Supplied records:

----

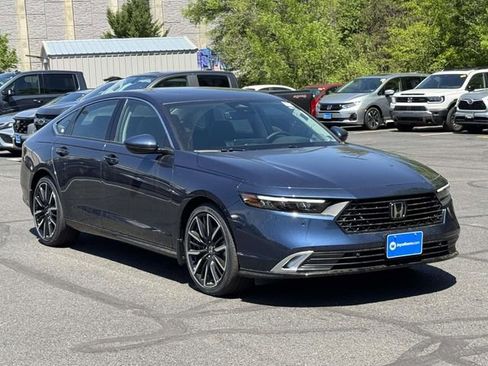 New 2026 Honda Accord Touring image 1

----

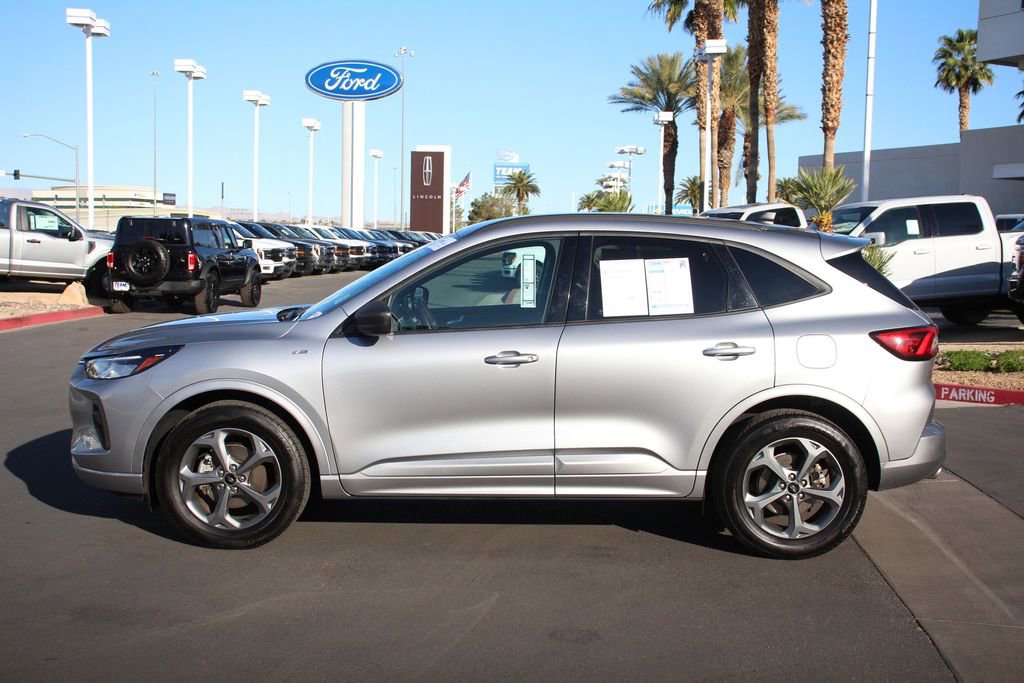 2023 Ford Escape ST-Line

----

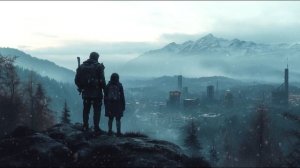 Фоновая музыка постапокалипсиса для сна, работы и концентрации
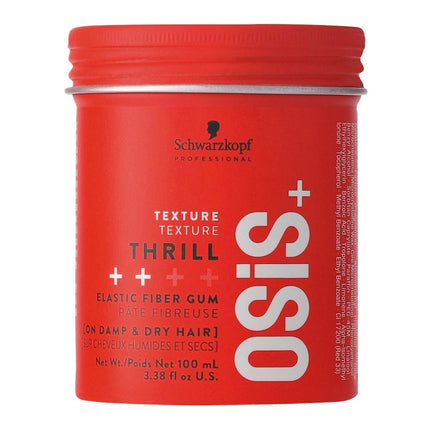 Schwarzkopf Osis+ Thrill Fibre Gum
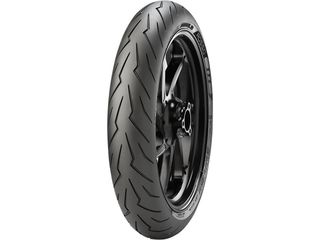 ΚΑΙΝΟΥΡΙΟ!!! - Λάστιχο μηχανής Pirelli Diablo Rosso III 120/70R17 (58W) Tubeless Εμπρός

----

Requirement:
From the material above, reproduce only what runs from the line holding "Schwarzkopf Osis+ Thrill Fibre Gum" down to the line holding "ΚΑΙΝΟΥΡΙΟ!!! - Λάστιχο", both included, pictures excluded.

Exercise answer:
 Schwarzkopf Osis+ Thrill Fibre Gum
 ΚΑΙΝΟΥΡΙΟ!!! - Λάστιχο μηχανής Pirelli Diablo Rosso III 120/70R17 (58W) Tubeless Εμπρός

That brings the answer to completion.